INSTRUCTIONS FOR THE TASK: Repeat only the lines below from the one containing "Шокуючі цифри від" through the one containing "image for item", inclusive, exactly as written.
----- DATA IN THIS EXERCISE
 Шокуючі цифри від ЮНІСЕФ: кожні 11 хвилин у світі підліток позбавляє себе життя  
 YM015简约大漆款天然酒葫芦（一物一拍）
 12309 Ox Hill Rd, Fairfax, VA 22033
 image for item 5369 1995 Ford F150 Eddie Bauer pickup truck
----------
----- DATA IN THIS EXERCISE
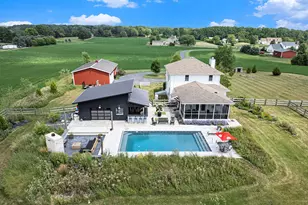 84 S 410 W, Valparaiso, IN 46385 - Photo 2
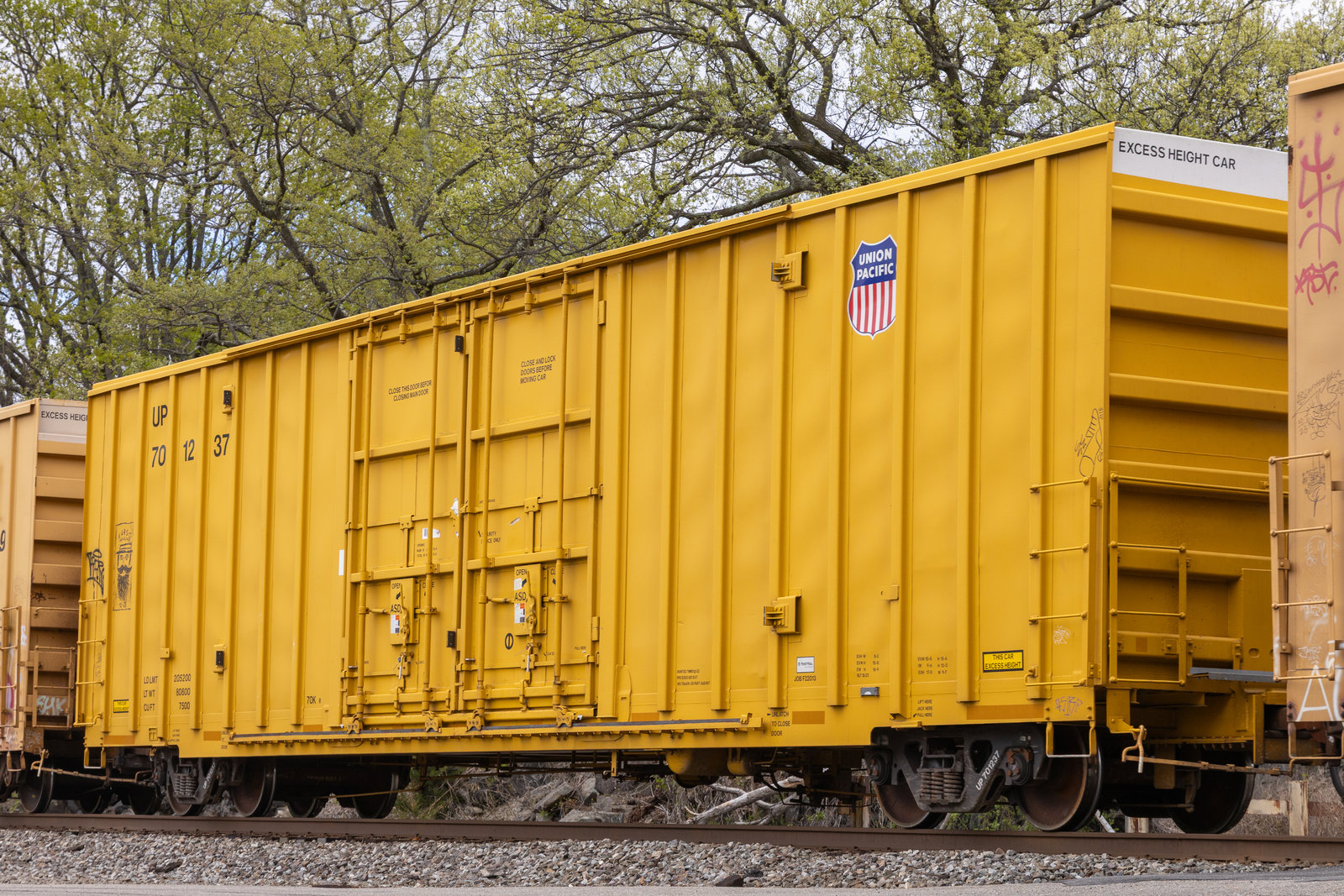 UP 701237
----------
SOLUTION TO THIS TASK:
 Шокуючі цифри від ЮНІСЕФ: кожні 11 хвилин у світі підліток позбавляє себе життя  
 YM015简约大漆款天然酒葫芦（一物一拍）
 12309 Ox Hill Rd, Fairfax, VA 22033
 image for item 5369 1995 Ford F150 Eddie Bauer pickup truck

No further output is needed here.